Back in my uni days I went out with an American girl who shared my love of cats. We still talk from time to time and she says I'm the only guy who's ever been crazy about cats, all her American bfs are either indifferent or only like dogs.

According to her, there exists a somewhat less favorable opinion of men who love and keep cats in the US. They aren't seen as masculine as guys with dogs.

Personally I've never been to the US, so I can't comment, but I have noticed that on several different websites that I frequent, this does seem to be the case with younger guys.

But I'm interested in what our fellow feline-enthusiasts from the US have to say about this. Would you say most younger men (18-35) consider cats to be a 'feminine' pet and would make fun of guys like me who carry over 100 pics of my cats on my phone?

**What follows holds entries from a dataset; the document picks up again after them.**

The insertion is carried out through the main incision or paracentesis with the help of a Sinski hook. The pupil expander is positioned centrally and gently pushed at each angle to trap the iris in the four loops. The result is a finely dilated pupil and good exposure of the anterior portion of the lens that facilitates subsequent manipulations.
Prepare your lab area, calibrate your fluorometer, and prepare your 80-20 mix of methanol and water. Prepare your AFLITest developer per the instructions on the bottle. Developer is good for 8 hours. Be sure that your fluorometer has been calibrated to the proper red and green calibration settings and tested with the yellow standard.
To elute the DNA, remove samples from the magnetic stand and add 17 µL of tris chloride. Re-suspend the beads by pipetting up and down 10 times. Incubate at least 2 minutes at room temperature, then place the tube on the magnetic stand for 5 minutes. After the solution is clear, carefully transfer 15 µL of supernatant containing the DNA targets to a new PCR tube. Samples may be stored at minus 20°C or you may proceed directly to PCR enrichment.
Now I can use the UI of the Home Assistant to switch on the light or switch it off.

In the UK this is hardly ever the case. Most of my friends infact either have cats as the family pet or love them and plan on adopting one or a pair if their landlords allow it.


----------



## my5kitties (Sep 13, 2005)

Boy, I really hope BIGMANNYC sees this. He's about as far as what your perception of an American male is like when it comes to cats. In fact, maybe you should PM him and get him to post here.


----------



## binkyhoo (Feb 16, 2003)

My idea. Be it male or female, If you are more of a controlling type a dog is for you. If you are more of a 50/50% sharing type, then more of a cat person. This is a huge generalization. I like both.


----------



## binkyhoo (Feb 16, 2003)

To add, As as a young woman in the US, any male who had a cat as a pet was a big plus in my eyes.


----------



## Saydee (Nov 9, 2010)

I'm a young male Texan (27) who owns one cat and no dogs, and yes, I carry tons of pictures on my phone. I'm a masculine, beer drinking, fast car driving/racing dude, and no one has ever thought twice about me owning a cat. In fact, most women think it's really sweet how connected my cat and I are (check out my post history for a picture of him laying his head on my mouse hand like a pillow while I use the computer). I'm confident and a pretty big guy, so no other guys give me any trouble about owning a cat.

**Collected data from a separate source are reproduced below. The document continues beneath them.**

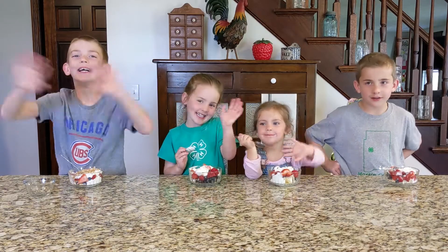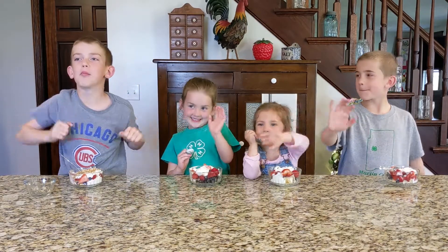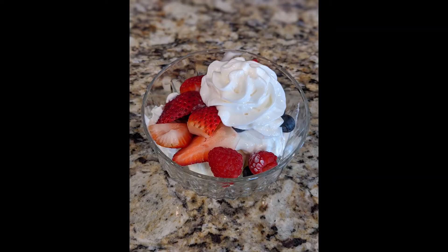Thanks for watching. Bye. Hope you make these at home. Bye bye.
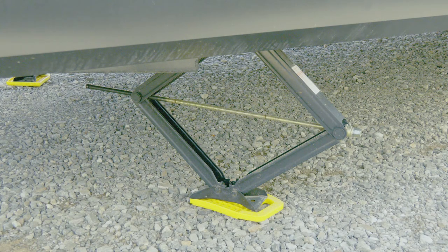Let's go through raising and lowering the stabilizers. One thing to keep in mind is that these are stabilizers and not leveling jacks — very important to know the difference.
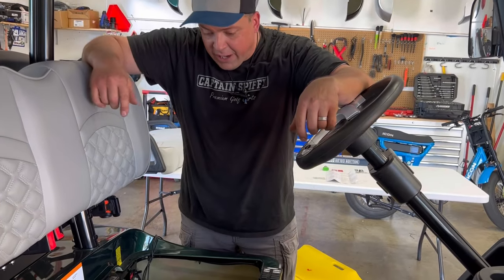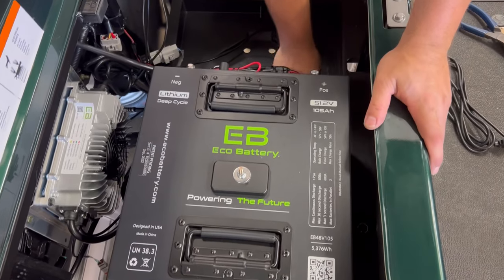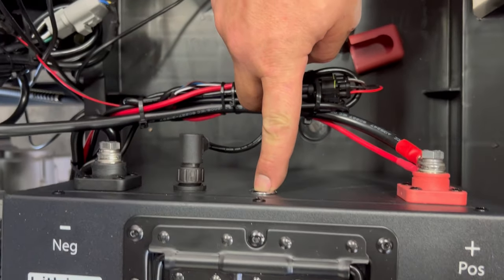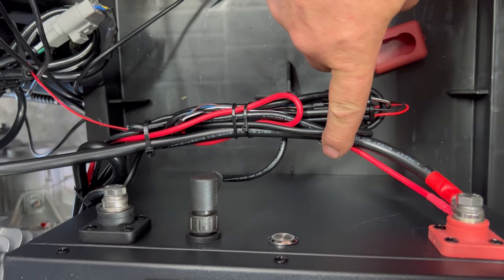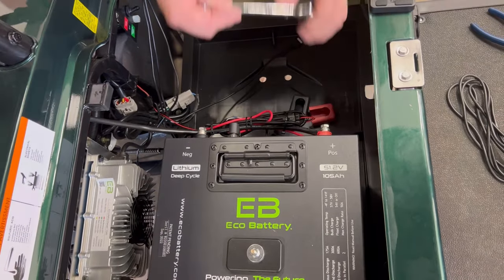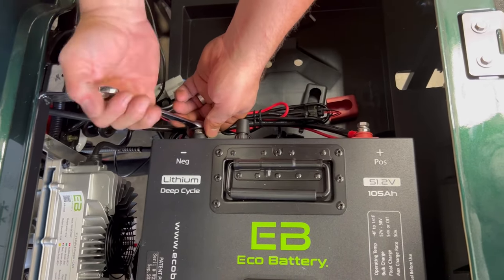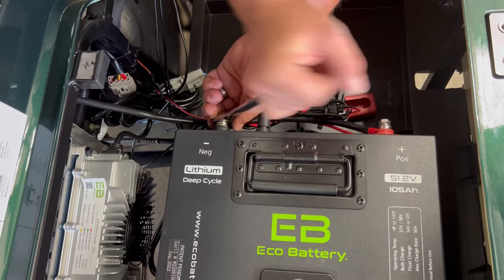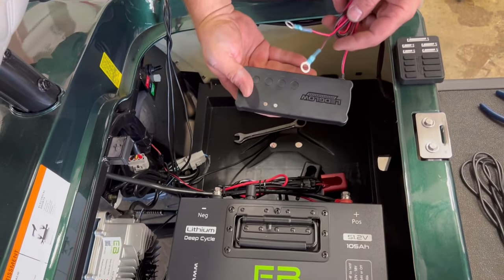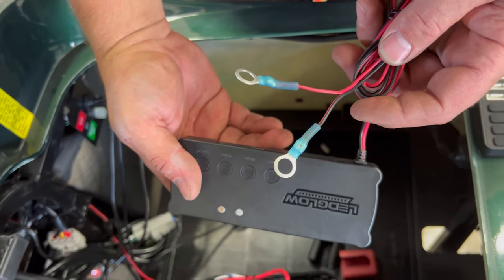As you can see, this battery setup has the Eco Battery lithium in it, so the only thing we have to do to disconnect the power on this is shut it off — definitely a lot easier than disconnecting terminals. You can see I've already connected the eyelets. I'm going to take these bolts out and get these hooked up to the battery.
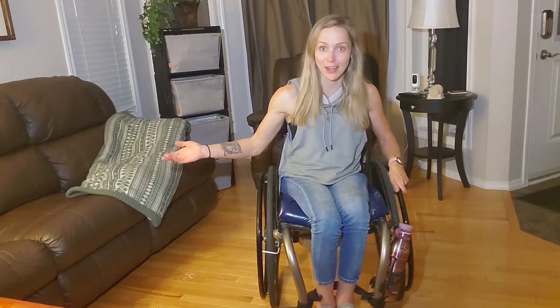Hey guys, what's up? Welcome back to my channel. It's Brittany here, aka The Empowered Para. On today's video, I am going to show you guys how I get from the floor into my wheelchair — something that I had no idea how to do for 19 years as a wheelchair user. And two years ago, I finally figured it out. So I'm going to give you guys a step-by-step tutorial on how to get back in your chair.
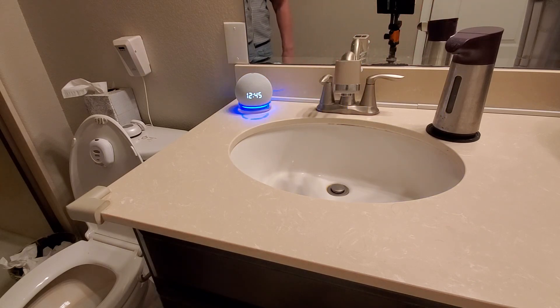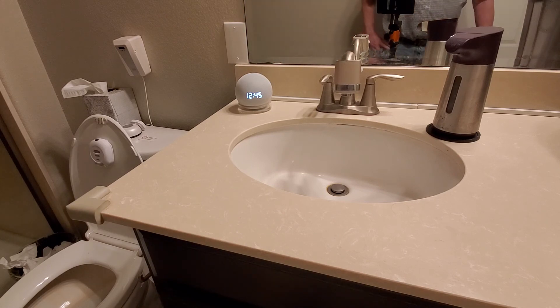The toilet will flush itself when you are done. Stand in front of the toilet for a certain amount of time, and when you leave, it starts auto-flush. This is just on a time basis — it doesn't actually detect the flush, so you would have to adjust the time to what feels appropriate.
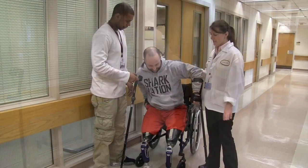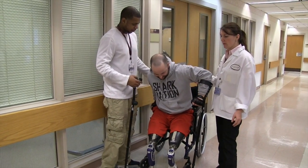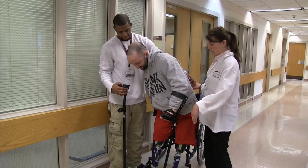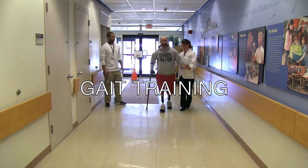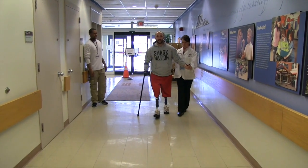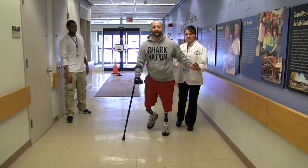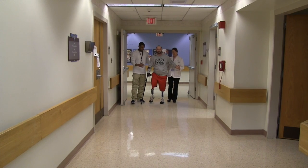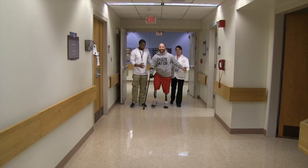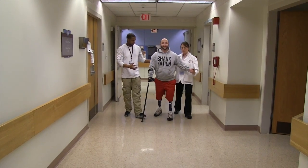Stand up on your arm, Matt. Concentrate and try to come up. And this is still very nice on the feet, so that's good. Left leg — try to control it better.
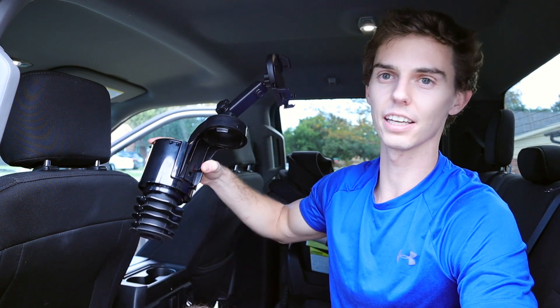My favorite way to use this is actually with the F-150, which has cup holders in the back seat. It creates a phone holder for kids in the back so they can watch cartoons or something like that. I'll show you how that works.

I can't speak to the general perception of men who own cats in the U.S., but if you're a confident individual then people's perception of you individually isn't going to change because you own a cat. Loving animals (any and all animals) is one of the most manly things you can do IMO.


----------



## Huge2 (Jan 28, 2008)

I think you're probably making a general valid point C-D. But you'll not get anyone on here admitting it. Of course there are exceptions (like the fact not everyone from the UK is like me...) but on the whole, I think you're probably right.


----------



## Cat-Daddy (Jun 16, 2012)

To be fair, the other websites/forums I've encountered this notion from younger men that cats are for women are almost exclusively sports-based, so perhaps it's due to miss-placed macho non-sense.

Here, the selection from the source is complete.